++++ DATA EXCERPT
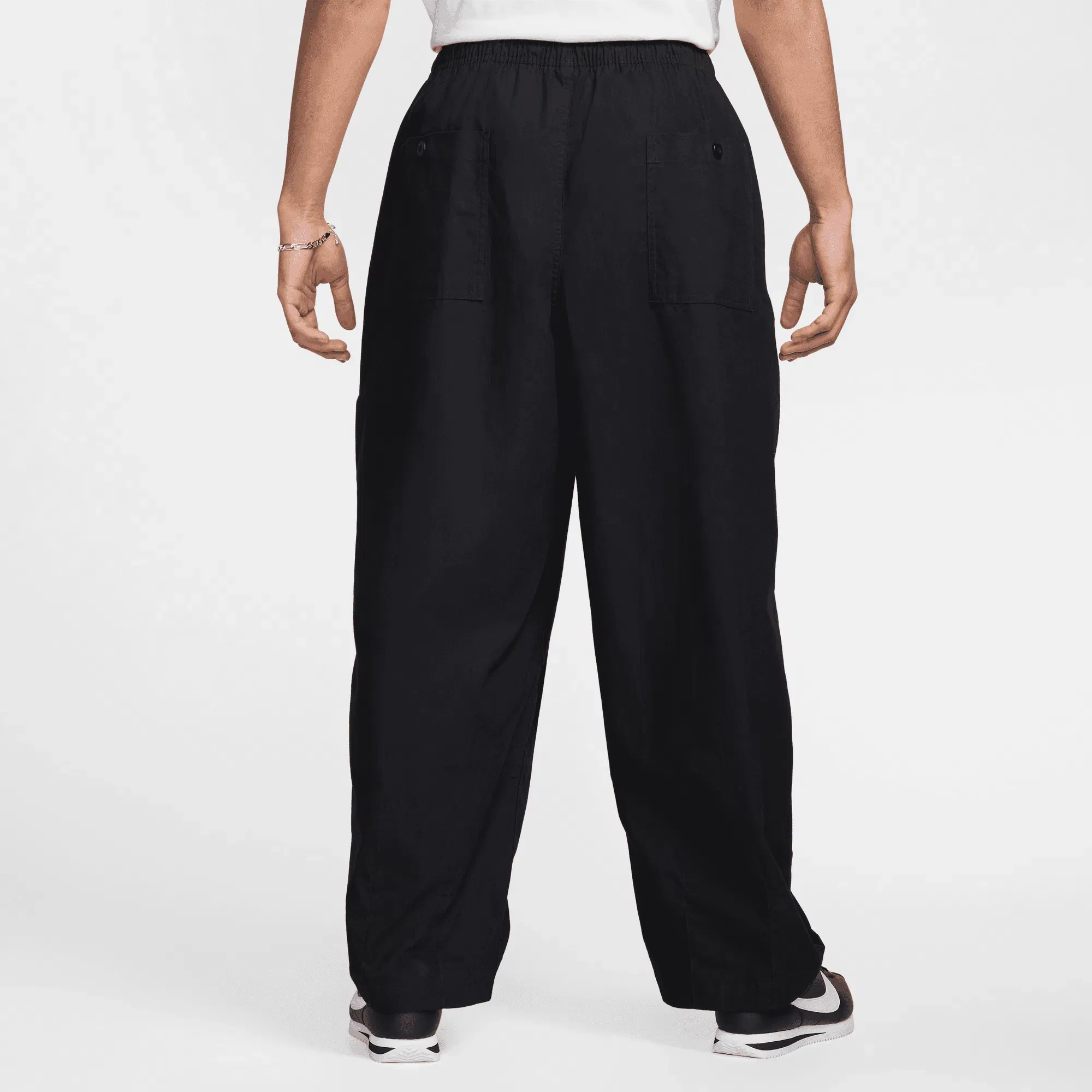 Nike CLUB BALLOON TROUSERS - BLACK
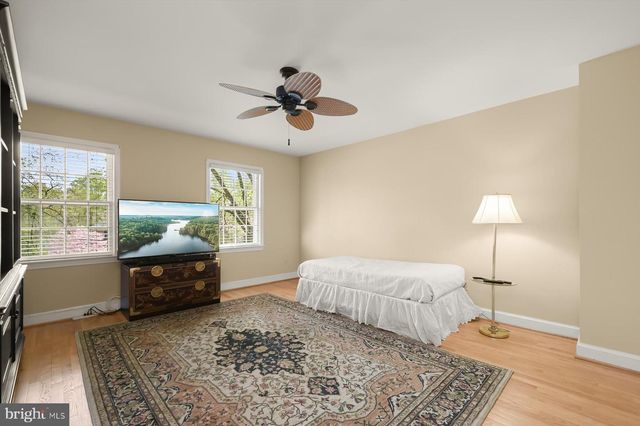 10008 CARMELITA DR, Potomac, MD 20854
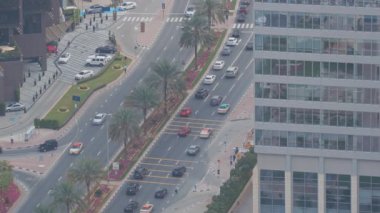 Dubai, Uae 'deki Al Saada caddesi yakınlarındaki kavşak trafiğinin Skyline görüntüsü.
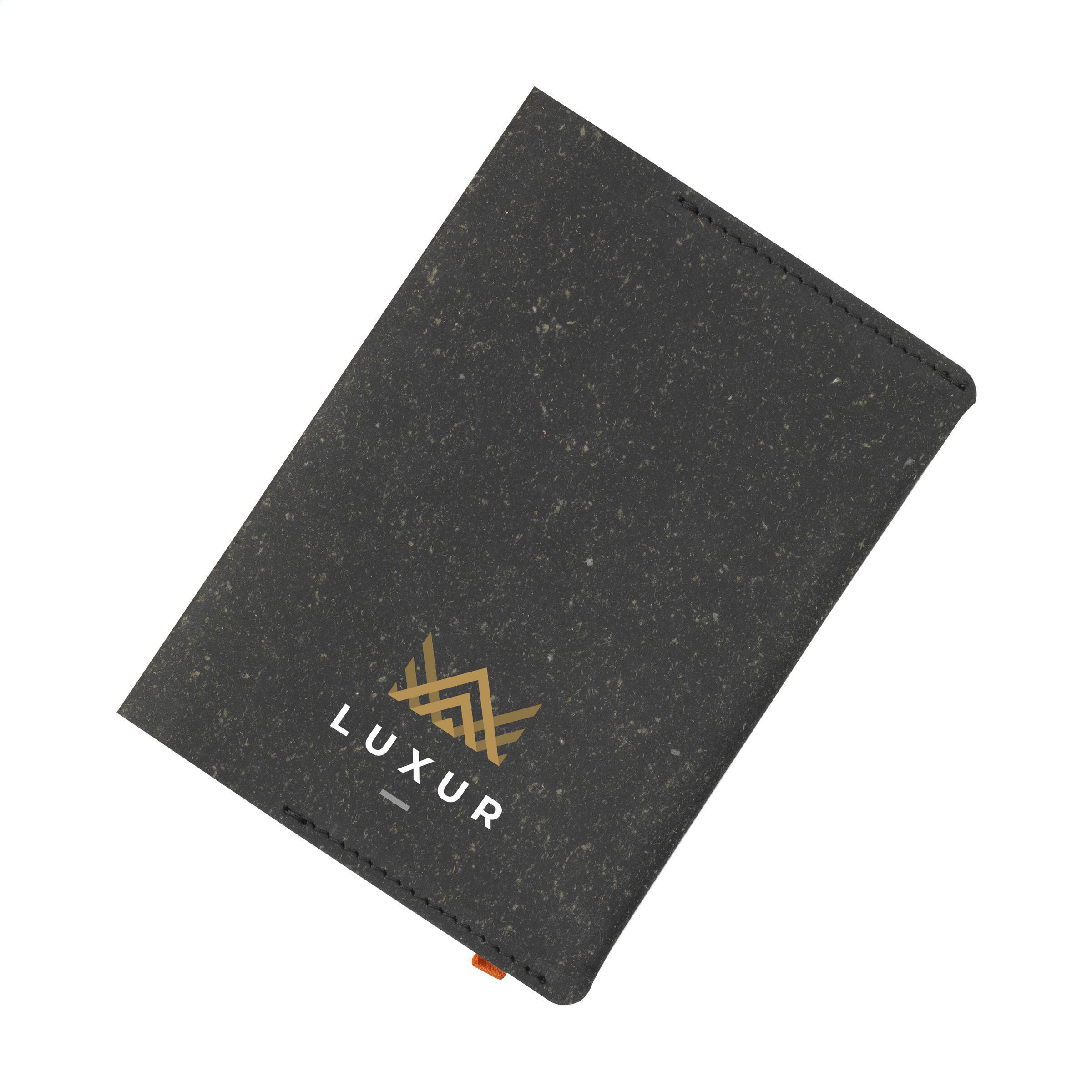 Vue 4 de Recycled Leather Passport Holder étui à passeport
++++++++
### WHAT THE EXERCISE ASKS
Pictures are to be left out; all other data must be returned exactly.

### WRITTEN SOLUTION
 Nike CLUB BALLOON TROUSERS - BLACK
 10008 CARMELITA DR, Potomac, MD 20854
 Dubai, Uae 'deki Al Saada caddesi yakınlarındaki kavşak trafiğinin Skyline görüntüsü.
 Vue 4 de Recycled Leather Passport Holder étui à passeport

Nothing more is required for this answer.